CISR induced metabolic changes correlated with differences in the gut microbiome. (A) Correlation plot showed the functional correlation between perturbed gut bacteria and altered fecal metabolites at the genus level. (B,C) An integrated correlation-based network analysis (Pearson’s correlation) of microbes and metabolites. (B) The size of the nodes represented the number of significant correlations, and the thickness of lines represented the strength of correlations. The pink solid lines and a blue dotted lines represented positive and negative correlations, respectively. (C) The direction of the correlation was indicated by green (positive) or red (negative) lines, and bold indicates metabolites with greater correlativity. (D) Scatter plots illustrate associations between altered gut bacteria genera and typical gut microflora-related metabolites, including glycerophospholipids, fatty acids, amino acids, and purines (* p < 0.05; ** p < 0.01, Pearson’s test).

3. Discussion

Currently, the consumption of caffeine to maintain wakefulness followed by CISR is very common, and is particularly prominent among specific groups [42,43,44]. Research has verified that changes in intestinal microbes are closely related to human health, but these changes are susceptible to certain factors including individual circadian rhythms [45]. In this study, we compared mice on a regular sleep schedule and those subjected to CISR to explore its effects on the intestinal microbiota. Our result revealed that CISR perturbed the diversity and composition of the gut microbiome and distinctly changed its metabolism and function of the gut microbiota.
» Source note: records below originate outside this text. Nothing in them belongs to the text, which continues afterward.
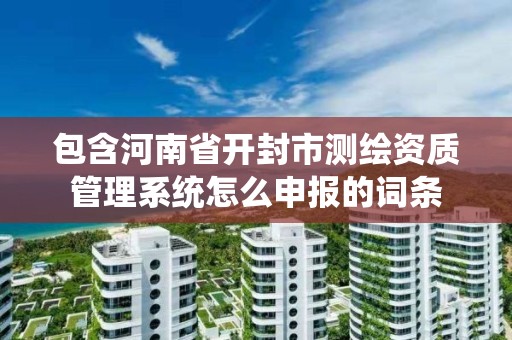 包含河南省開封市測繪資質管理系統怎么申報的詞條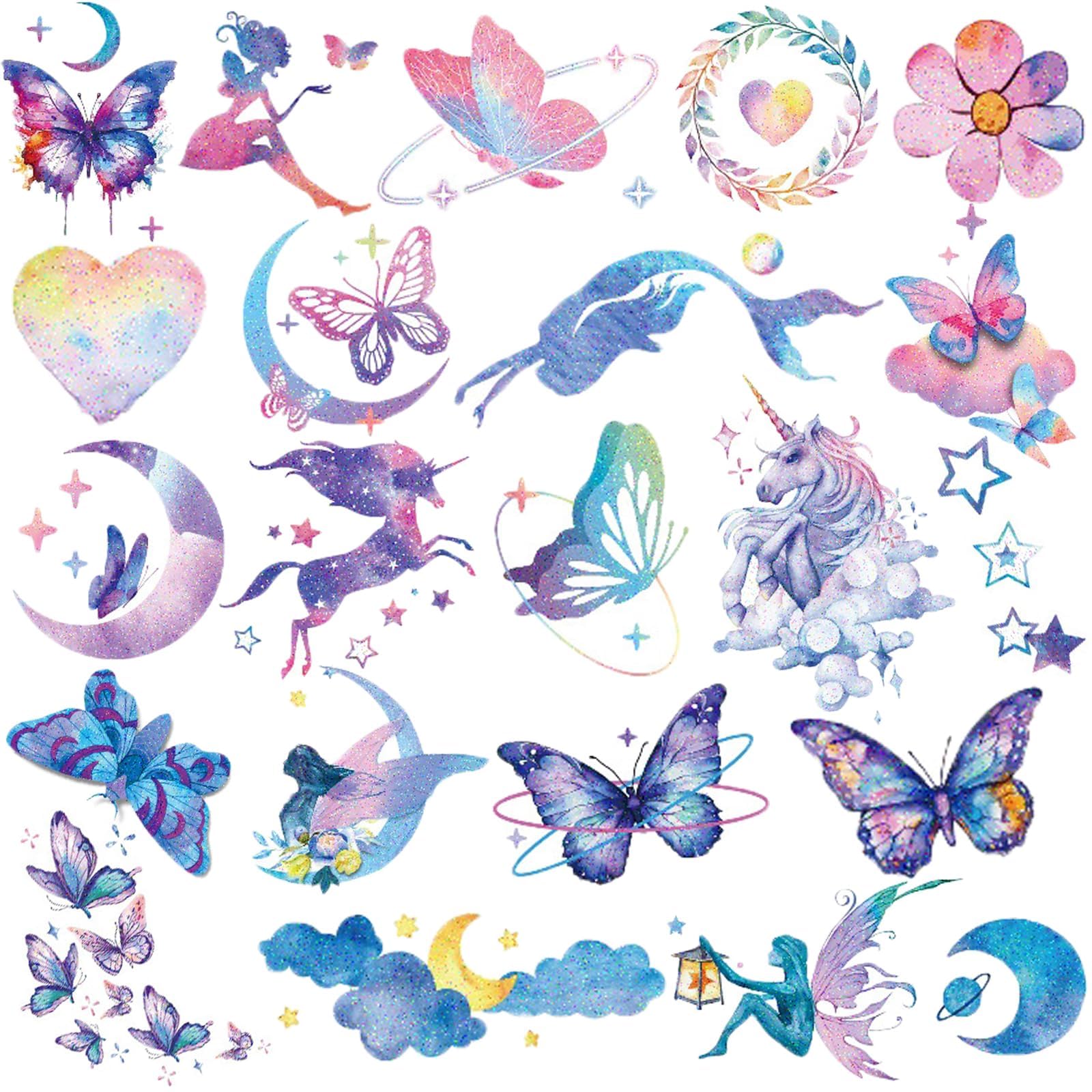 Tazweeq 12 Sheets Glitter Tattoos for Girls Women, Glitter Butterfly Moon Flowers Mermaid, Waterproof Temporary Tattoos, Birthday Party Supplies Gifts Decoration for Kids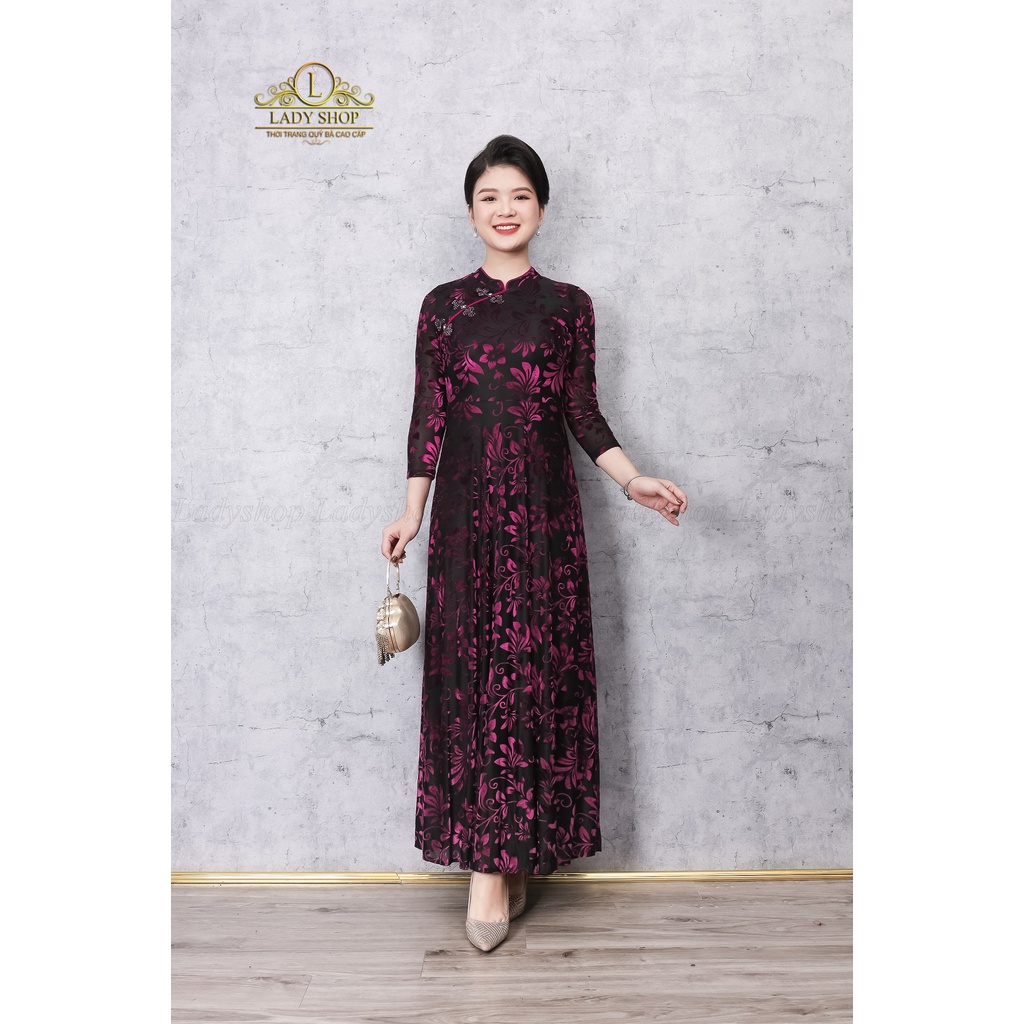 Đầm Maxi ren hoa nhung cổ tàu Ladyshop váy thời trang trung niên cao cấp T1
We showed that the most abundant metabolites identified were lipids and the most significantly altered metabolic pathway was the glycerophospholipid metabolism. Importantly, we found that differential metabolites were more relevant to the changes in Proteobacteria and Actinobacteria. Our results offered possible explanations for the widespread health concerns about the effects of sleep loss on intestinal health caused by a caffeine consumption and they raise important questions about precisely how metabolic changes associated with gut microbiome perturbations can be induced by the ill-timed consumption of coffee in daily life.
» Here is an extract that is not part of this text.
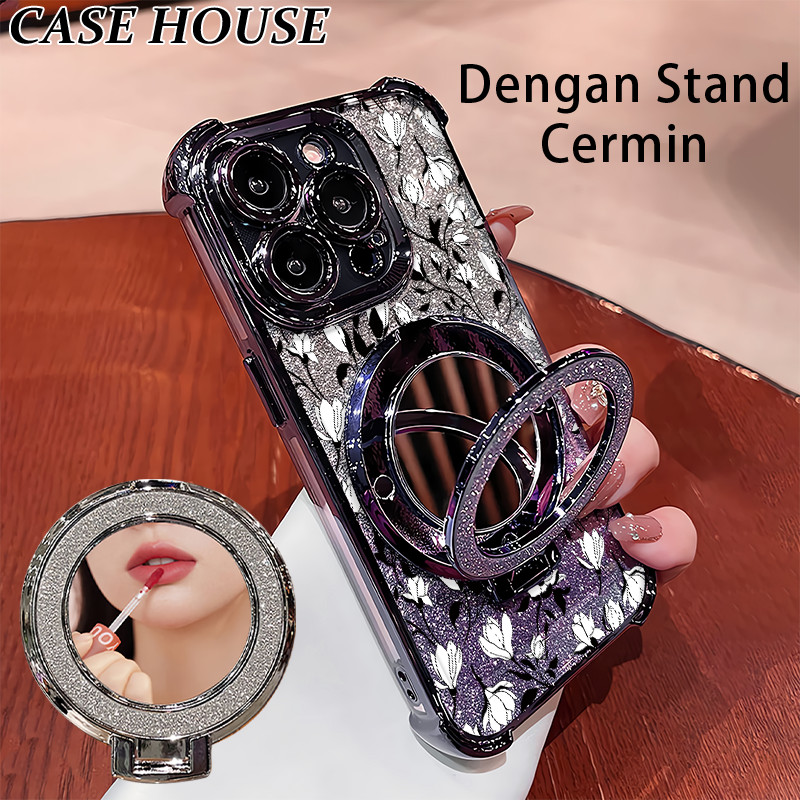 Glitter Card Case HP Oppo A16 A95 Reno 5F A12E A3 Stand Holder Cermin Casing Oppo A17K A36 A79 5G A5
3.1. Chronic CISR Affects Gut Microbiota in Mice

The effects of sleep loss on gut microbial diversity and composition are perennial topics. Sleep deprivation disrupts the gut microbiota, negatively affects the gut permeability, and enhances the translocation of viable bacteria from the gut [46]. The gut microbiome affects sleep by altering the balance of neurotransmitters in the gut [47]. In addition, sleep deprivation increases the risk of depression, which in turn increases the risk of insomnia [48,49]. Moreover, the gut microbiome regulates host sleep and mental states through the microbiome–gut–brain (MGB) axis [50]. In summary, there is a network of relationships between gut microbiome, sleep deprivation, and depression, and the gut microbiome is indispensable for the research and treatment of human mental disease and sleep disorders. Research has shown that a long duration of sleep deprivation may lead to changes in α-diversity, while β-diversity is usually not affected [46]. However, we found more significant changes in the microbial community profiling, with a significant separation between the control and CISR groups in the β-diversity analysis, and a significant decrease in the ACE index in the alpha diversity index after the CISR treatment. We also found a significant decrease in the abundance of Proteobacteria and Actinobacteria. Various studies have suggested that Proteobacteria is a Gram-negative bacteria that is commonly overrepresented in several intestinal diseases and causes a decrease in intestinal mucus, which triggers the impaired intestinal barrier and low-grade inflammation [51,52]. In our results, similar to the previous studies, the abundance of pro-inflammatory bacteria Proteobacteria was significantly decreased after the CISR treatment, suggesting that a sleep restriction may not induce gut dysbiosis and inflammatory responses through this microbial pathway [53]. Actinobacteria is widely used as probiotics, demonstrating beneficial effects on numerous pathological conditions, and they are critical in the maintenance of gut homeostasis, the modulation of gut permeability, the immune system, and gut–brain axis [54]. However, the abundance of probiotic Actinobacteria was significantly decreased after CISR, which was primarily related to the disruption of gut dysbiosis by a sleep restriction [46].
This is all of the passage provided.